I totally agree with Bordermom. In fact, I'd go a step further and say some dogs aren't truly, completely potty trained til a year old. The reason for this is, up til a year, lots of developmental things happen with puppies that can very easily cause setbacks in potty training. So, early success doesn't mean you won't have issues as your pup continues to develop! 

Also, the thing about having early success, like you said you had, at 11 weeks, is that THAT usually has more to do with the people being successful than the puppy being successful. Does that make sense? It means YOU are really good at reading his signs, and that YOU were really good at getting him outside to pee/poop on a schedule, so he kind of goes with that.

But, there's a physical thing here, too, and that is that a puppy doesn't gain full physical control of their bladder until about 6 months, give or take. That is just a physical fact. Very young puppies don't even know they have to pee sometimes, it just happens, as with a human baby. As they develop, they learn what needing to pee feels like, and, thanks to you, they learn what to do when they have to pee. BUT, and here's the kicker, even though they KNOW it, they can't always control it, because, as I said, control of the bladder is a physical thing. 
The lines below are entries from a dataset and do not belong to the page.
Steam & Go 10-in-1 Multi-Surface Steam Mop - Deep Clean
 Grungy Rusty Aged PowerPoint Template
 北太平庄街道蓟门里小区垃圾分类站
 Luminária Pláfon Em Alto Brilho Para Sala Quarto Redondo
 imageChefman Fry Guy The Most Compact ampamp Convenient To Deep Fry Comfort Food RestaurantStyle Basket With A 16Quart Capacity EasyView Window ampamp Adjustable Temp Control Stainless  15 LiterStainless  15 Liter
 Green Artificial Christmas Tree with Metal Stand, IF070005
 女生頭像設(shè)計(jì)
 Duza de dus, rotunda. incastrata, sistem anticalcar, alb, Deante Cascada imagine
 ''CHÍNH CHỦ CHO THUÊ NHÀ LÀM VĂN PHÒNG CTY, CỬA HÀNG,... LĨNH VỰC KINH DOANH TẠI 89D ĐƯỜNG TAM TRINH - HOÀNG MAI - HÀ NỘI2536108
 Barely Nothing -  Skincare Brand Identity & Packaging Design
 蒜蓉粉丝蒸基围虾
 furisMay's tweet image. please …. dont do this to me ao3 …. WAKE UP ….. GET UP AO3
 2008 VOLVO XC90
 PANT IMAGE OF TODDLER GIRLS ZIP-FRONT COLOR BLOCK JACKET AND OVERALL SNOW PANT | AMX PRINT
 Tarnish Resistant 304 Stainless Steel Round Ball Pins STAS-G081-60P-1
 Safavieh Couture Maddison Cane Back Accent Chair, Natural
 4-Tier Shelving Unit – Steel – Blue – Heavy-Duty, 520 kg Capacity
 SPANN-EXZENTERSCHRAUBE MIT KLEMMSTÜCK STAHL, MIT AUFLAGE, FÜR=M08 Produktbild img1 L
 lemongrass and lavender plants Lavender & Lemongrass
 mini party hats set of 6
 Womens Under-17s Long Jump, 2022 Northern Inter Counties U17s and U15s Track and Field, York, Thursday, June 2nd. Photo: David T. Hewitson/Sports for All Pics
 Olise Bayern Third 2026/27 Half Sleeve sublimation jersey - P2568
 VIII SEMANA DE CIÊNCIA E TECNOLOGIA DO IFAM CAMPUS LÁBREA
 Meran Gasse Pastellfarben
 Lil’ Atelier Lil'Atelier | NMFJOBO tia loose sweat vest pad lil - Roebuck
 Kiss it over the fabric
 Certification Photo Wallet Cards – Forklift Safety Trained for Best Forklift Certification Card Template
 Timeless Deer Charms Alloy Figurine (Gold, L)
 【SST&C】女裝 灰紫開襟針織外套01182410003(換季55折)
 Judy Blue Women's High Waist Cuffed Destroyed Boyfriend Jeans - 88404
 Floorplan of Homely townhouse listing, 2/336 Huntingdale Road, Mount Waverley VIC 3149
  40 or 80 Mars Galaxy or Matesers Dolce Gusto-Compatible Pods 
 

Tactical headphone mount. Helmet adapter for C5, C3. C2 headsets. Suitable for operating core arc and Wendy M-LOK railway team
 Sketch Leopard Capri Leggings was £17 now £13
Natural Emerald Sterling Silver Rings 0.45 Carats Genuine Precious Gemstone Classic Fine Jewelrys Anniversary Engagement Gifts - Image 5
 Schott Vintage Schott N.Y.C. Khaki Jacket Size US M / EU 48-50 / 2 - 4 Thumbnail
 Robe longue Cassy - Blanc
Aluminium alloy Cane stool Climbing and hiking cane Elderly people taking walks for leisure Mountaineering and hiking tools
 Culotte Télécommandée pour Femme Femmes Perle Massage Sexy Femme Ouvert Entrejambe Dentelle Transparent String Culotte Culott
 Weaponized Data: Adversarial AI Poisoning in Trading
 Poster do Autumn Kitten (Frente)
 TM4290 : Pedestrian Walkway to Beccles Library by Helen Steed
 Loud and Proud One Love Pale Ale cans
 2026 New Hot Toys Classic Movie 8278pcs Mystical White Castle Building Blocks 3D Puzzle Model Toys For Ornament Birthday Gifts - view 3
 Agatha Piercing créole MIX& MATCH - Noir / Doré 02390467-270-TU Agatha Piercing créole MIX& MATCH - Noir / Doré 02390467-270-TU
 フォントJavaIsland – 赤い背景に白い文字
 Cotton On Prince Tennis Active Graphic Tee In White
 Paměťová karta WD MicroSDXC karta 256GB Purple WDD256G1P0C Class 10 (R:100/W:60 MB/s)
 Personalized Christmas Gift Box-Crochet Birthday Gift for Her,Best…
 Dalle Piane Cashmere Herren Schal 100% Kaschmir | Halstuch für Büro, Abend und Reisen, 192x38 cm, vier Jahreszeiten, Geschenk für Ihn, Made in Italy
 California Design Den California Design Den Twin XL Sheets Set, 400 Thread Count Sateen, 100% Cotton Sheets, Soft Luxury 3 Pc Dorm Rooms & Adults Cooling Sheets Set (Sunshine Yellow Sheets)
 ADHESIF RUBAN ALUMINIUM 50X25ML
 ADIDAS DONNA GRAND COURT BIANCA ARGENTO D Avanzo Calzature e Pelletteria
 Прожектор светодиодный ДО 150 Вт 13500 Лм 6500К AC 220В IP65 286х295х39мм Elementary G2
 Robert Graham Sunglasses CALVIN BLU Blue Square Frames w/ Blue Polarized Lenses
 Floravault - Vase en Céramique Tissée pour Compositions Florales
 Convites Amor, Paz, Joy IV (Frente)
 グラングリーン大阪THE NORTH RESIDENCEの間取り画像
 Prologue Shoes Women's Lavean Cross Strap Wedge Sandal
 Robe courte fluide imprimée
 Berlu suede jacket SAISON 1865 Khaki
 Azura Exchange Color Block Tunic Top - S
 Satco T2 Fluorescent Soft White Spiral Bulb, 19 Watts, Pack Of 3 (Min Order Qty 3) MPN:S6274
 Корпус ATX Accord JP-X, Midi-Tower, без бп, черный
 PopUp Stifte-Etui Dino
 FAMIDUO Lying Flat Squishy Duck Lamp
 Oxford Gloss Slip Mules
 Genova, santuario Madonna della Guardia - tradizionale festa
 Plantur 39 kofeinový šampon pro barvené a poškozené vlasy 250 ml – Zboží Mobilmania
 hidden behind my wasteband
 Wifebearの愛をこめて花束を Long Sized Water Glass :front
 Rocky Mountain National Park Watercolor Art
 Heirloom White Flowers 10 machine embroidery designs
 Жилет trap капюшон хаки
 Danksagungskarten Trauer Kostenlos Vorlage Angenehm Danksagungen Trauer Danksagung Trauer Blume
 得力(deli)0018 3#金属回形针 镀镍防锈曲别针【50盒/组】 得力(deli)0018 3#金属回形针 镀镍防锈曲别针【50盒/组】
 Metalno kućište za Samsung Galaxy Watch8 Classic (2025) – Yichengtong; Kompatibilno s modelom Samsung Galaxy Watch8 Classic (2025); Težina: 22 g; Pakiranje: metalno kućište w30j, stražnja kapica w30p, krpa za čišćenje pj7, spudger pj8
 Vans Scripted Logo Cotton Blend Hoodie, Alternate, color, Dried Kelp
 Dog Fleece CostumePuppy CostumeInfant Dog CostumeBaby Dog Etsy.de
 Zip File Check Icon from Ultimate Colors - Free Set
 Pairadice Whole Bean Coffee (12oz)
Some things that can cause setbacks in potty training for puppies are: teething, illness, change in routine, change in environment (this can be anything from moving to just rearranging furniture, seriously, or getting new furniture, because it changes how things look and smell), fear stages, etc.


----------



## BerniesMama (Jul 10, 2013)

I'm having a very similar issue. I have a 7 month old lab/whippet that I got from the shelter at about 3 months. She was a breeze to potty train, mostly because I have a very set schedule where I work so she has a very regulated routine that we do every morning. But I live in Ohio where it has rained for the last 10 days my yard is a swamp! So my little diva has decided she does not like the wet or the mud and is down right refusing to go off the back step. After fighting with her for 10 or so minuets she will do it just to get out of the rain I think. Yesterday she has two accidents in the house, one pee one poo but I'm thinking she is doing this to get out of having to go outside and do her thing. Any advice?


----------



## doxiemommy (Dec 18, 2009)

Keep at it. Take an umbrella, and wait it out. She will likely learn that she gets to go in out of the rain sooner ir she just potties.


----------